Pour ma part, j’étais persuadé que la relève était assurée et je le criais à qui voulait l’entendre. Je le voyais dans les yeux de notre jeunesse frustrée, avide de liberté et d’idéaux.
Cette jeunesse qui continuait à fredonner les chants révolutionnaires (tunisiens ou autres) en chœur avec les ainés rescapés d’une autre jeunesse (post soixante-huitarde), celle-là même qui mena le combat des années soixante-dix et des décennies suivantes.
Les préjugés démentis
Cette jeunesse représentative de l’ensemble du pays du nord au sud, d’est en ouest, des villes et des zones rurales, des banlieues chics et des quartiers populaires, a démenti tous les préjugés et autres représentations ravageuses colportées à leur encontre.

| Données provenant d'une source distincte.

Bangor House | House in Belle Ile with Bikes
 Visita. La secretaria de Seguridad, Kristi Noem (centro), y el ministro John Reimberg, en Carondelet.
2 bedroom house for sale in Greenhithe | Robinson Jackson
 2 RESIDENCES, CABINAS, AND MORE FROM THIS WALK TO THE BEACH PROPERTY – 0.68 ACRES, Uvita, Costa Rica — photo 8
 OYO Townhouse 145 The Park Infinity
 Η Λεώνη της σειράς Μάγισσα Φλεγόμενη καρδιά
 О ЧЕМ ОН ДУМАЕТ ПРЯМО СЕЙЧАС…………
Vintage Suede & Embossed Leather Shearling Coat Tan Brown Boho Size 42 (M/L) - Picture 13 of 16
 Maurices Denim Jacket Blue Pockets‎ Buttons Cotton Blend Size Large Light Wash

Non, le football n’a pas gommé leur intelligence intuitive, le gel sur les cheveux n’a pas pollué leurs cerveaux, la musique tapageuse n’a pas assourdi leurs consciences et l’intégrisme ne les a pas tous bouffés !
Le jour du 14 janvier, aboutissement d’une insoupçonnable et merveilleuse révolution, allumée par l’inoubliable Mohamed Bouazizi, devenu figure emblématique d’une révolte née dans les fières contrées de nos campagnes oubliées, déshéritées et rejetées dans l’ombre par le règne d’une tyrannique dictature (merci Sidi Bouzid et Kasserine).
Cette révolte qui, très vite, a fait le tour du pays, jalonnant de martyrs (tombés pour la patrie) le chemin vers Tunis pour s’accomplir en apothéose sur l’avenue Bourguiba, en face même de la bâtisse du ministère de l’Intérieur (le comble pour le superflic Ben Ali !).
Ils étaient tous là…
Le peuple entier était là lorsque l’Histoire se déroula comme un parchemin, toutes époques confondues et l’on pouvait facilement reconnaître, dans cette fougueuse foule, les figures de Jugurtha, d’Elissa, d’Hannibal, d’El Kahéna, d’Al Jaziya, d’Ibn Khaldoun, d’Ibn Abi Dhiyaf, de Kheireddine, de Ben Ghdhahem, de Ben Achour, de Chebbi, de Haddad, de d’El Hammi, de Hached, bref, ils étaient tous présents à cet instant salutaire, dans l’inconscient de chaque tunisien.
Eh oui, ce n’est pas une bagatelle trois mille ans d’histoire! Quelle brassée ce breuvage venu des abysses du temps, qui a l’odeur du soufre, le goût de la lave et la force d’un volcan: tel est le peuple tunisien, tels sont mes compatriotes chaque fois qu’ils prennent rendez-vous avec l’Histoire.